こう、幽霊…?みたいな、透けてる感じがする。」


 幽霊…実際に見たことはないが、心霊番組でやっているものは大抵薄くて透けている。

 言い表せないが、なんとなくでの感覚は掴めた。


「奇病…神使様と言うとやはり身体面の異常を考えるが…四季さんの場合は脳なのか?もしくは目…?いや、目も脳の内か…。精神的なものは今まで発見されていないしな…。」

「あはは、どっちにも該当しないって。春瀬くん、お医者さんみたいなこと言うのね。」


 お腹を抱えて笑う彼女を黙って見つめる。

 余命宣告もされたのに…、怖くないのか?


「その、今はどう見えているんだ?」

「今は、私自身との関わりがない人は薄く見えるな。薄く、というより薄っすらかなぁ。」

 関わりがない人…ならば俺はとっくに見えてないのでは?

「それなら、どうして俺が見えるんだ?」

「おー!言われてみれば、私たち話した事ないね!」

 握手しよ握手!と手を差し出してくる。

 陽キャはこんな感じなのか…?

 一応手を握り返しとく、さっきもした気がするな。

「あれ、さっきもしたね〜」

 …記憶力には問題はなさそうだ。


「そうだな。…その場合、"関わりがない人"というよりは"記憶に残っていない人"が合っているんじゃないか?」

「記憶に残っていない人…?」

「人間の記憶力は結構弱い…短いんだ。20分後には4割、1時間後には6割…そして1日後には7割を忘れている。これは、『エビングハウスの忘却曲線』と呼ばれていて、心理学者のヘルマン・エビングハウスによって証明された人間の脳の忘れるしくみなんだ。ヘルマン・エビングハウスは初めて学習曲線に言及した人物で…。あ、話が逸れたな…すまない。

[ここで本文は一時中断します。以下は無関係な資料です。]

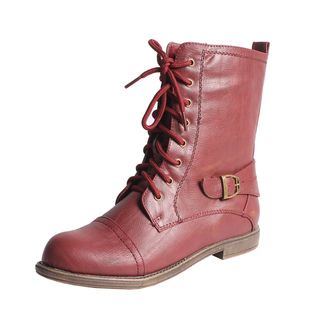 Blossom by Beston Womens Cana 8 Mid calf Combat Boots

」

 気が付いたらペラペラと話してしまっていた。

 流石に気持ち悪かっただろう。


「え?春瀬くんの話、私が思いつかない事ばっかりだから面白いよ!!」

 他の人なら信じられないが、終始ニコニコしていた彼女が言うのなら、きっとそうなのだろう。


 …だが、だからといって信用してはいけない。


 ギュッと口を結ぶ。

 警戒心に似た何かを悟られないよう口を開く。

 今、この瞬間、何かに気がついたように演じろ。


 いや、それなら、と質問を投げかけた。

「余命宣告はどうやって計算したんだ?…というより、人がいなくなる…忘れるのなら身体面に影響は出ないのでは?」

「確か、私の症状の進行度と神使様の平均余命から。神使様の中では早めだよね。身体面…か、症状が重くなっていくたびにこう、気力というか、精力が無くなっていくらしいよ。いっぱい検査して分かったんだけどね…まだ実感は無いかな。」


 そう言って彼女は口元だけで微笑む。

 綺麗なのに下手くそな笑顔だ。

 嘘をつくのが苦手なんだろう。

 俺と違って。


「…怖く、ないのか?」

「んー。怖いかどうか、って言われたら…やっぱり怖いかなぁ。だから春瀬くんに話しかけてみたの。」

 憂いを含んだ瞳で彼女は微笑んだ。

 泣きそうな、と言った方が良いのかもしれない笑みだった。


 俺に希望を持って欲しくなかった。

 クラスメイトAでよかった。

 一刻も早く、純粋な瞳で言う彼女から目を逸らしたかった。


「やっぱり、思った通りの人だったよ。」

「…そりゃあそうだろ。幻滅したろ?」

 自虐的に言ったのに、彼女は目を丸くして

「え?そんなわけないじゃない。春瀬くんは、私が憧れていたはるくん、そのままだったよ。」


 “そのまま”…か。


『悠くんはそのまんまが、いっちばん!かっこいいよ!!』


『昔のお前、そのままだったら…絶対…絶対に!!そんなこと言わなかった…!なんで、なんで…!』


 ザーザーとノイズか雨音か分からない音が響く。


 あぁ、そっか、


「そっか、ならよかった。」

 打ち明ける彼女に、偽りの仮面で笑っている自分がいる。

 彼女のせいではないのに、何故か絶望してしまっている最低な自分が居る。


 それでも、彼女は憧れていたのだろうか?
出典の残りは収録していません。